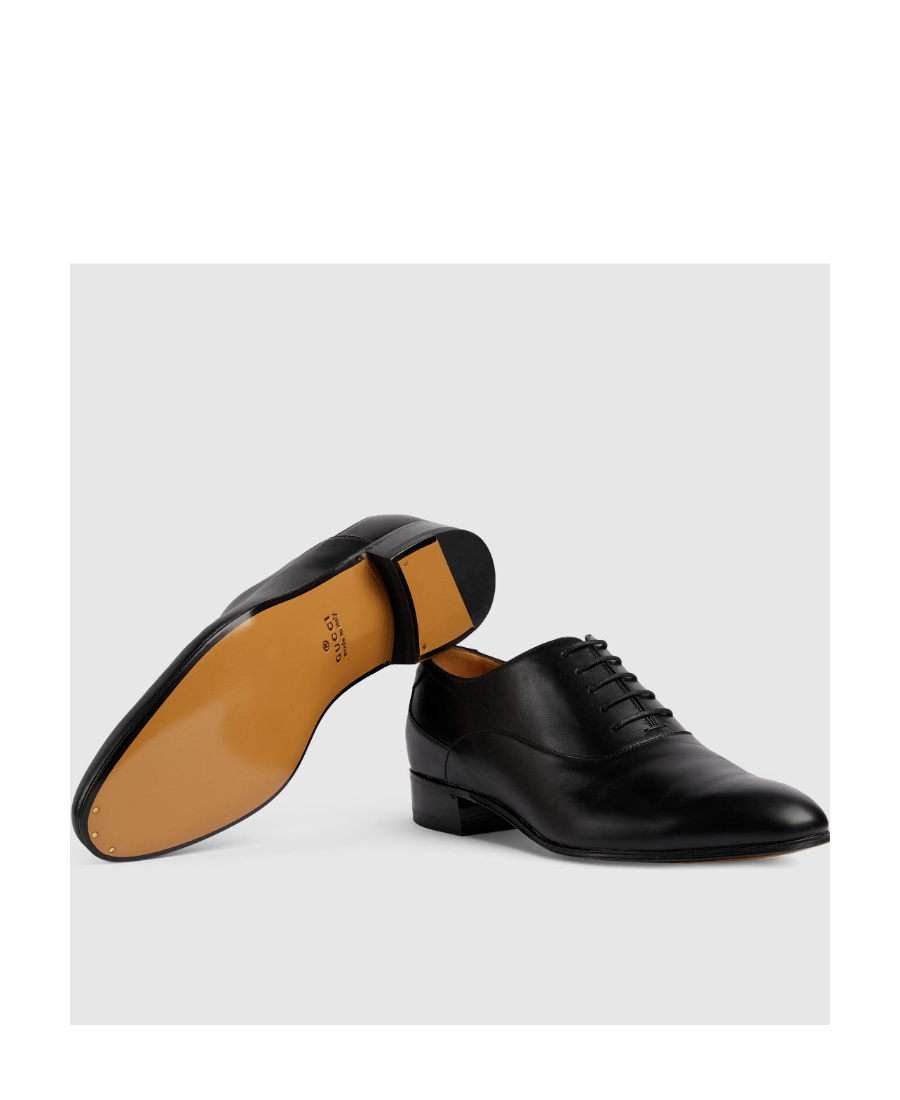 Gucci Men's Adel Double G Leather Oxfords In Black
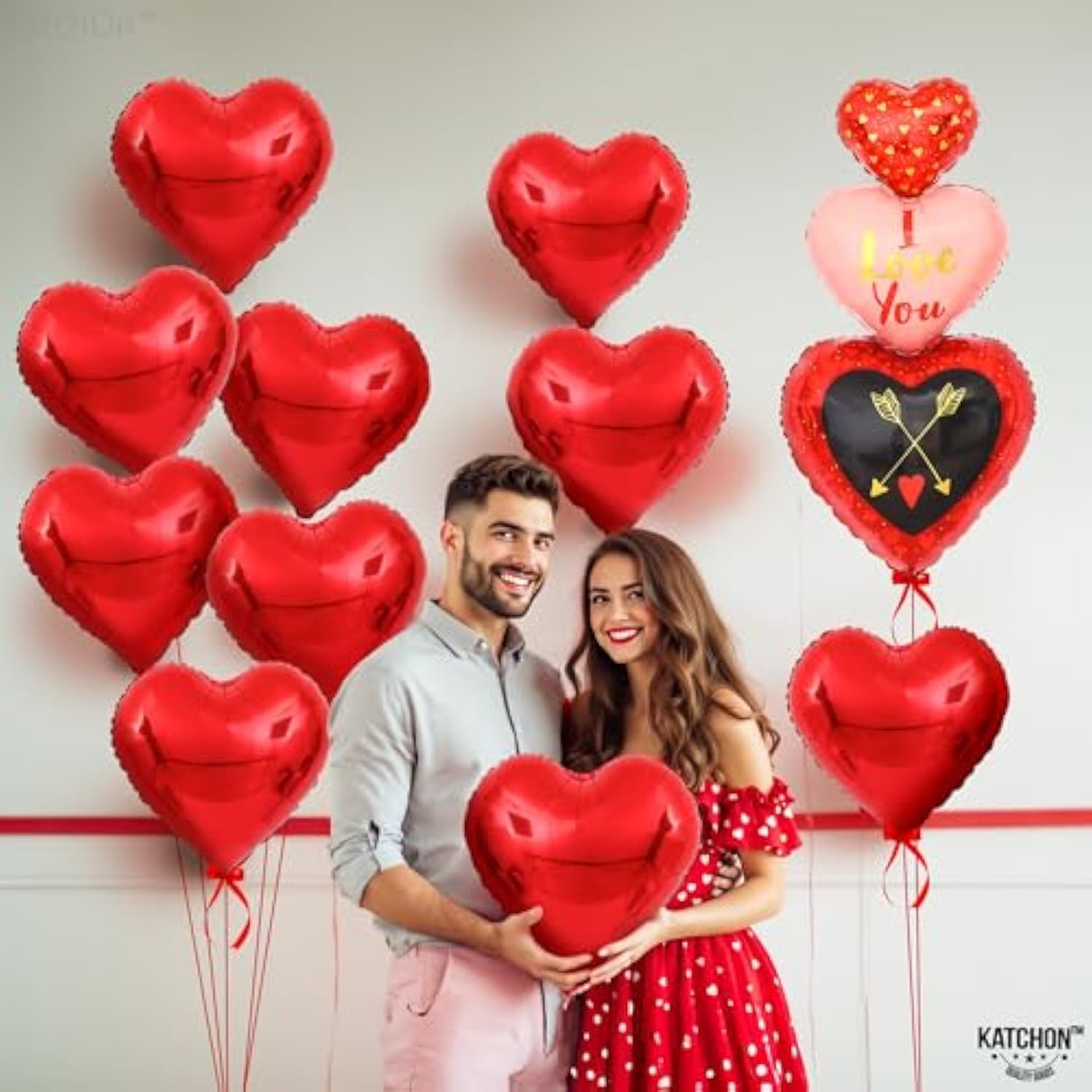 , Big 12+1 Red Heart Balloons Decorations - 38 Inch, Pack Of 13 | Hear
---
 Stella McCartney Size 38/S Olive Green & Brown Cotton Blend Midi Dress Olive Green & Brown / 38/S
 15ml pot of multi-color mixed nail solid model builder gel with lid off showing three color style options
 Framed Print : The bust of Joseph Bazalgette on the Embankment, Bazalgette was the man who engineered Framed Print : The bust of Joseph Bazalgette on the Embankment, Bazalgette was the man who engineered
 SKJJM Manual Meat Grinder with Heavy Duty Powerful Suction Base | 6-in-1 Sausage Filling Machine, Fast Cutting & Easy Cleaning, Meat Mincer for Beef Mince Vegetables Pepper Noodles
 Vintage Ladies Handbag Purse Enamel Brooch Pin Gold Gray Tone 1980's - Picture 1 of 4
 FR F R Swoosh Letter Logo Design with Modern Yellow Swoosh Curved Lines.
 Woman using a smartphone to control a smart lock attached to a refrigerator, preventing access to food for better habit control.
...
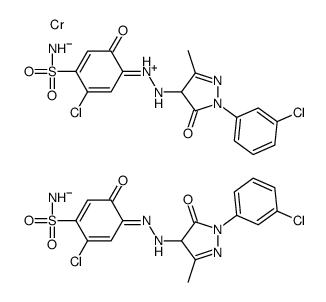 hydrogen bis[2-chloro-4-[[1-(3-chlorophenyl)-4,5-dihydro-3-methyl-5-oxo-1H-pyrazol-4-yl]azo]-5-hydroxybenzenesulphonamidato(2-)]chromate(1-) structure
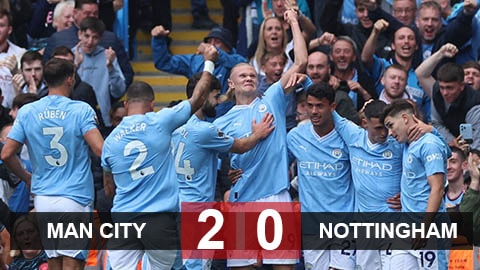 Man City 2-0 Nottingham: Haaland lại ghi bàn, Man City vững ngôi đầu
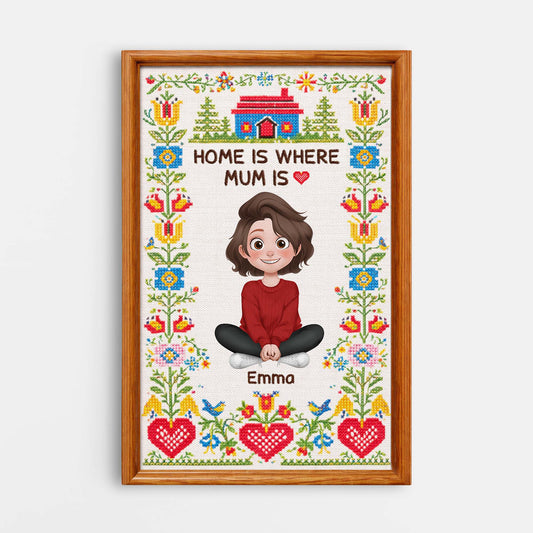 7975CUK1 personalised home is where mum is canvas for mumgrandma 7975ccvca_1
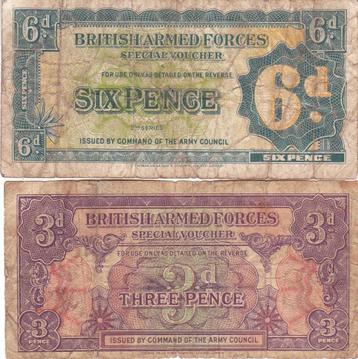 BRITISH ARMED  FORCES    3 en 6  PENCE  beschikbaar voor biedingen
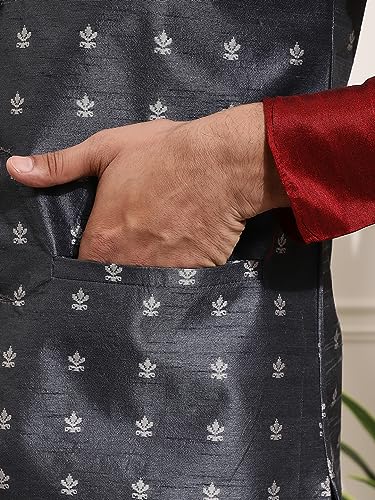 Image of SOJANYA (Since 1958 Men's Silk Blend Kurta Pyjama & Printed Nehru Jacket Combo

◆ **YOUR GOAL**
Would you retype exactly the lines above, from the line with "SKJJM Manual Meat" to the line with "Woman using a", with both end lines kept and nothing more?

◆ **EXERCISE RESPONSE**
 SKJJM Manual Meat Grinder with Heavy Duty Powerful Suction Base | 6-in-1 Sausage Filling Machine, Fast Cutting & Easy Cleaning, Meat Mincer for Beef Mince Vegetables Pepper Noodles
 Vintage Ladies Handbag Purse Enamel Brooch Pin Gold Gray Tone 1980's - Picture 1 of 4
 FR F R Swoosh Letter Logo Design with Modern Yellow Swoosh Curved Lines.
 Woman using a smartphone to control a smart lock attached to a refrigerator, preventing access to food for better habit control.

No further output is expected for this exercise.